Courtesy of Roscosmos General Director Dmitry Rogozin. The Twitter translation into English reads:

Congratulations to the command of space troops, the combat calculation of the cosmodrome Plesetsk, the collectives of the “Progress” (Samara), the NGO named after S. A. Lavachkina (Khimki) and the ISS named after Academician M. F. Reshetnev (Zheleznogorsk) with the successful launch of the SPACECRAFT GLONASS! Lightning you don’t hindrance

Twitter might want to work on its translation program.

The Soyuz booster successfully orbited a GLONASS-M navigation satellite from the Plesetsk Cosmodrome in northern Russia.

The Saturn V taking the Apollo 12 to the moon in 1969 was also struck by lightning after launch. The rocket was fine; the guidance system was deep inside the rocket. However, the electronics in the spacecraft were knocked out. Flight controller John Aaron said to flip the SCE switch to AUX. When Alan Bean did so, the spacecraft came back online.

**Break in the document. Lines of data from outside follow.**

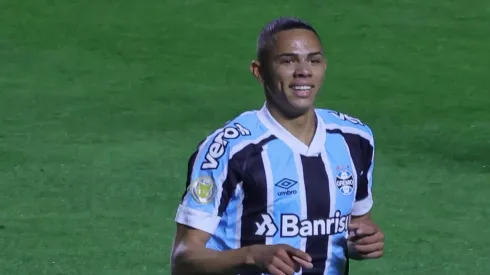 Vanderson, ex-jogador do Grêmio, comemorando seu gol na partida contra o São Paulo, no Morumbi, pelo Campeonato Brasileiro de 2021.
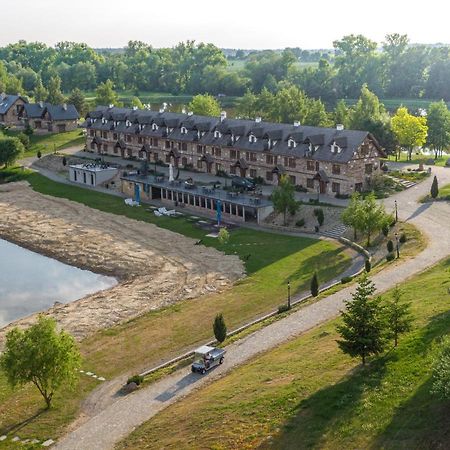 Milocin Park Centrum Wypoczynkowo-Konferencyjne Pierwoszow Exterior photo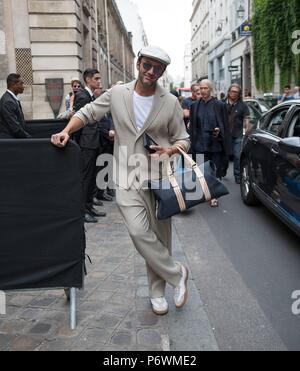 A chic showgoer posing outside of the Givenchy runway show during Haute Couture Fashion Week in Paris - July 1, 2018 - Photo: Runway Manhattan ***For Editorial Use Only*** | Verwendung weltweit Stock Photo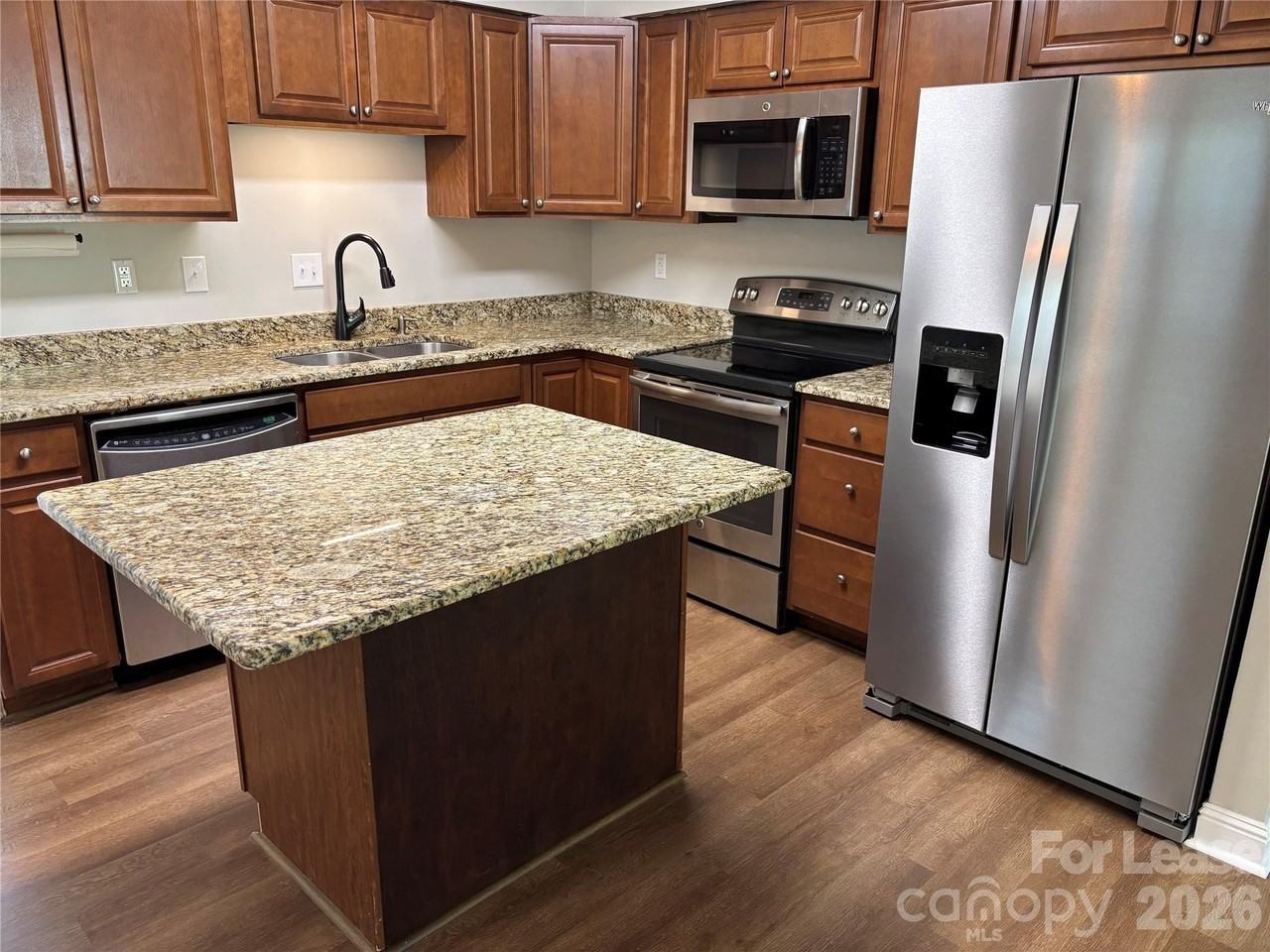 11800 Mirror Lake Dr - Photo 5 of 26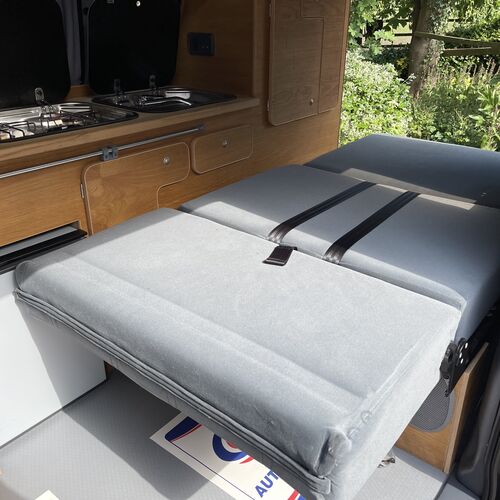 1997 Toyota Granvia Camper Van 4 Berth 2.7 Petrol Automatic 49623 Miles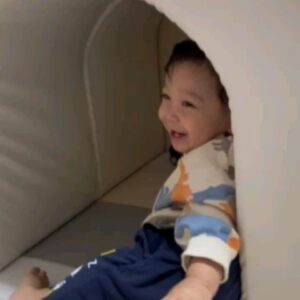 Saran Sirilak Instagram - ความเป็นจริงเมื่อเราเล่นกับลูก🤣🤣🤣
(ปล.โปรดเลื่อนไปที่ภาพถัดไป)5555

Mission Control fretted about whether to send the crew to the moon. Everything seemed fine aboard the spacecraft, but there was one crucial system they couldn’t check: the parachutes. Controllers realized that in the unlikely event the lightning strike had fried the parachute deployment system, the crew would die anyway. Might as well send them to the moon.